-- INSTRUCTIONS TO FOLLOW --
Restate word for word the lines of the material below, from the line with "Go To Star Chevron" to the line with "appartamento in vendita a", both lines included, and no others.

-- THE RECORDS --
::::::

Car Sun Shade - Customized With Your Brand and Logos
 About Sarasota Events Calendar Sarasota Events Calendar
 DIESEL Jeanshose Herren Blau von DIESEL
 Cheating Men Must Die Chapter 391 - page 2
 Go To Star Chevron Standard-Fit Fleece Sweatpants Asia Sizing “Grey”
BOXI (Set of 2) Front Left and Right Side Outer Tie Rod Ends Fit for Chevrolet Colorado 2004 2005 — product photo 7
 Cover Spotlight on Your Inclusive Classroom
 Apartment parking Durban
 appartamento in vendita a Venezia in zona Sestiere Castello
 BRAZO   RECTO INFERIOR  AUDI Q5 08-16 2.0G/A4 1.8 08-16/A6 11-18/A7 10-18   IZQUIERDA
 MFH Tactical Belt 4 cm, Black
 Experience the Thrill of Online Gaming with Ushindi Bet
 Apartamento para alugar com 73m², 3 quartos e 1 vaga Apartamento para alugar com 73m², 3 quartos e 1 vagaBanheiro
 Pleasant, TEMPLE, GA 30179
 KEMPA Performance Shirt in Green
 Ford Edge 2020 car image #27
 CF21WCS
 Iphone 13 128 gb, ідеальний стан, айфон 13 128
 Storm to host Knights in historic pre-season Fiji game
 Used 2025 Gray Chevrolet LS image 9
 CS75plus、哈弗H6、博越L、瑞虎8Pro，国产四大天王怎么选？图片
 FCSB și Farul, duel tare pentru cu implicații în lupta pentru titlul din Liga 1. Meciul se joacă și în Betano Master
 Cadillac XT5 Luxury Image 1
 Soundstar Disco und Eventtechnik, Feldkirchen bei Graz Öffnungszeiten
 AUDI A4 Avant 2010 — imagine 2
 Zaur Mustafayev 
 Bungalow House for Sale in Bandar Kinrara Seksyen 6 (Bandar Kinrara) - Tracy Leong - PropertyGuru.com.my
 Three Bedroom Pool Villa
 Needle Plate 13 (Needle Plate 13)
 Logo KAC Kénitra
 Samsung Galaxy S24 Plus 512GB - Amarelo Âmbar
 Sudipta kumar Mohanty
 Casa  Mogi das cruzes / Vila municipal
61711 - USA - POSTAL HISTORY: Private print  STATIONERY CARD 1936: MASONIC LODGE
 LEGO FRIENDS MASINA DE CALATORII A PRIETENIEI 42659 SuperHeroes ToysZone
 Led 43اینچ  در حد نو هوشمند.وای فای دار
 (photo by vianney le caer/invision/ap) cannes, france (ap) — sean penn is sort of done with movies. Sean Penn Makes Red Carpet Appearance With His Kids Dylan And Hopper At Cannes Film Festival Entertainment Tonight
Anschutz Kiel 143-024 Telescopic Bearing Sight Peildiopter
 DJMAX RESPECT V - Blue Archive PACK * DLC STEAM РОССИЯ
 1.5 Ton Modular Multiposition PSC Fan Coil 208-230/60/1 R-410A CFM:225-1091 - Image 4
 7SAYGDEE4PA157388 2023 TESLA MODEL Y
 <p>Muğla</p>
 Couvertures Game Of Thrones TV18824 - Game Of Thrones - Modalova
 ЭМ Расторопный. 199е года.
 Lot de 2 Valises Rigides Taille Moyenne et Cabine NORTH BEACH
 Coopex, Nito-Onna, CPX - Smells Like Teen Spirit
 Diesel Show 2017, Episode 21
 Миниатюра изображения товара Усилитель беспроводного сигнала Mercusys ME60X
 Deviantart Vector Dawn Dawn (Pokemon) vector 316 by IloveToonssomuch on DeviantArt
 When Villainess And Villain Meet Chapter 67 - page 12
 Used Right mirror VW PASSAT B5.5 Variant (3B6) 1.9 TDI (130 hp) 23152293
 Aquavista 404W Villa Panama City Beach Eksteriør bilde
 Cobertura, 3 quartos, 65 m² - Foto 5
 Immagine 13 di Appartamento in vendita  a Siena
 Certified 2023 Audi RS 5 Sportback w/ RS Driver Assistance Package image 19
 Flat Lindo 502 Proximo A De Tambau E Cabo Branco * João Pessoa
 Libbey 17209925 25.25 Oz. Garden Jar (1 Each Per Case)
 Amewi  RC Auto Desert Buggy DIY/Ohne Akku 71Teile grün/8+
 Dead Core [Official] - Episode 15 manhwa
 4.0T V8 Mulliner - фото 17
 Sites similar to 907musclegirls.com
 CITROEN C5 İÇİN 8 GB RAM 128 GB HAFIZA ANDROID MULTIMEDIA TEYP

::::::

-- WORKED SOLUTION --
 Go To Star Chevron Standard-Fit Fleece Sweatpants Asia Sizing “Grey”
BOXI (Set of 2) Front Left and Right Side Outer Tie Rod Ends Fit for Chevrolet Colorado 2004 2005 — product photo 7
 Cover Spotlight on Your Inclusive Classroom
 Apartment parking Durban
 appartamento in vendita a Venezia in zona Sestiere Castello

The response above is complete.